Task prompt.
Begin at the line containing "Staubsauger mit Beutel" and give again every line to the end of the records, exactly, without the pictures.
═════ Material provided ═════
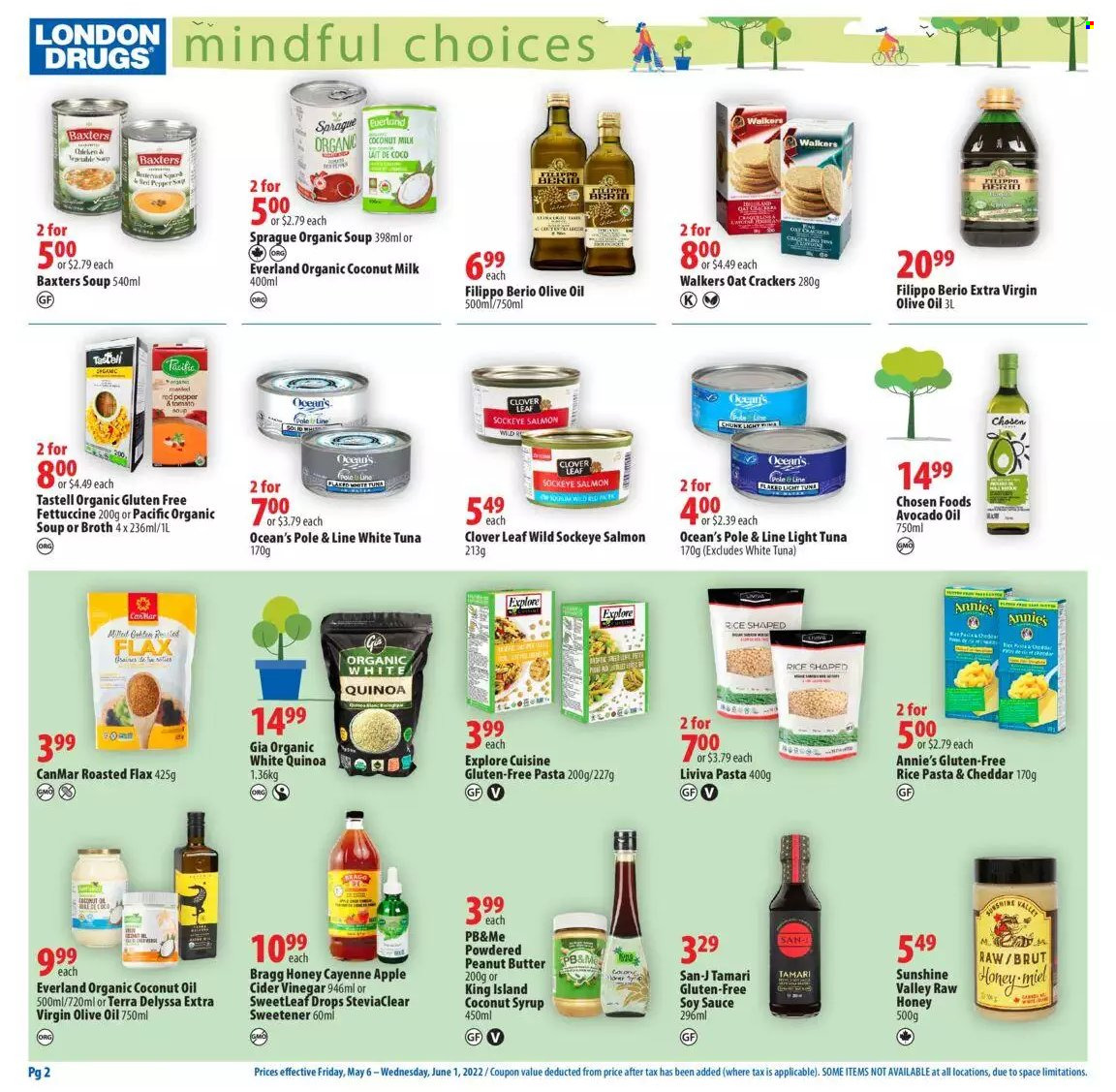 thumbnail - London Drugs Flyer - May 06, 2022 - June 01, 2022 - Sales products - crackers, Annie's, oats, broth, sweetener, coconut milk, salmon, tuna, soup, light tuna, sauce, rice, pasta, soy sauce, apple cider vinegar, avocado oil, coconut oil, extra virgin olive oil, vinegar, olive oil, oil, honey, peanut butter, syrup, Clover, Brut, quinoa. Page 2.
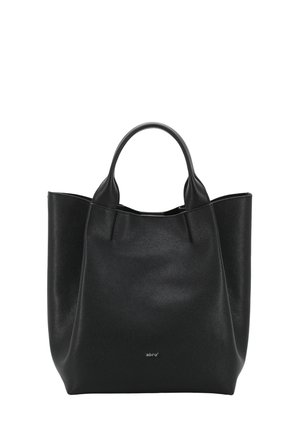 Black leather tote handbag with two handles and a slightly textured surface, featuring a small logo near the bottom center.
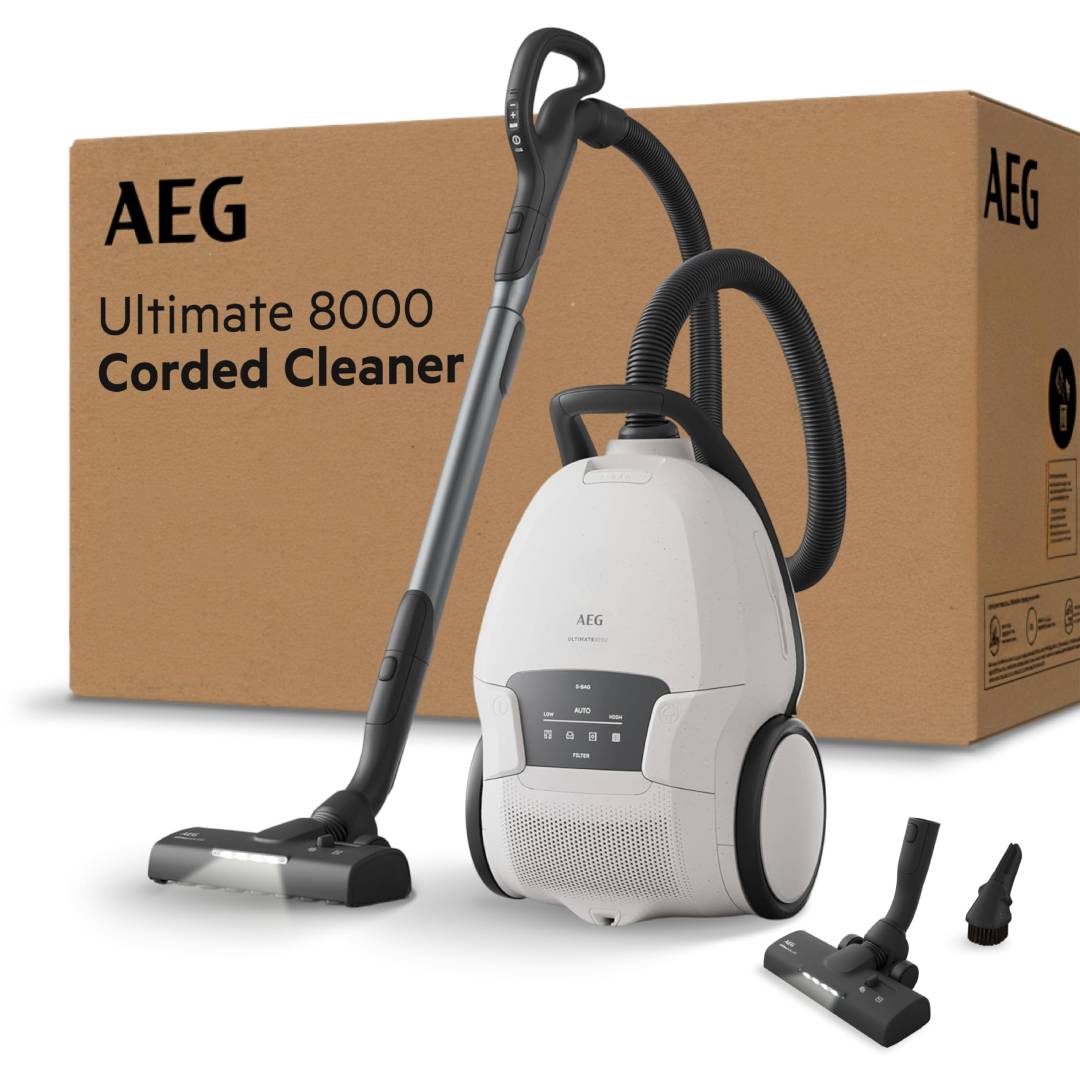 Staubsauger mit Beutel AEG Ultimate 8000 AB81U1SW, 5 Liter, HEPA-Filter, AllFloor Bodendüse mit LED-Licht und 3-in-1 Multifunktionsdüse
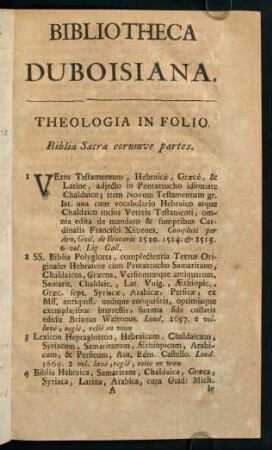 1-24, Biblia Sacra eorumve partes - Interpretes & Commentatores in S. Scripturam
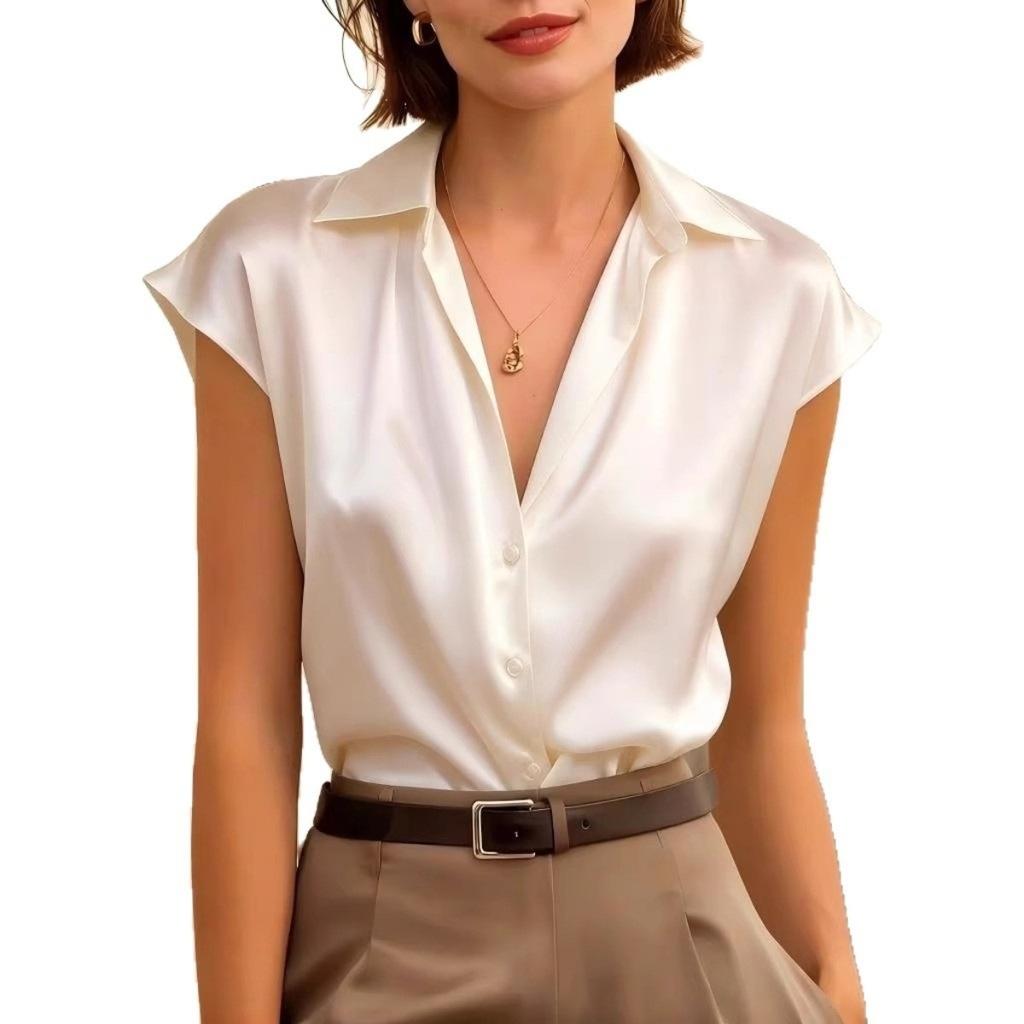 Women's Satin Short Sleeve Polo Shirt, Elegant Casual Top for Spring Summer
═════
Result.
 Staubsauger mit Beutel AEG Ultimate 8000 AB81U1SW, 5 Liter, HEPA-Filter, AllFloor Bodendüse mit LED-Licht und 3-in-1 Multifunktionsdüse
 1-24, Biblia Sacra eorumve partes - Interpretes & Commentatores in S. Scripturam
 Women's Satin Short Sleeve Polo Shirt, Elegant Casual Top for Spring Summer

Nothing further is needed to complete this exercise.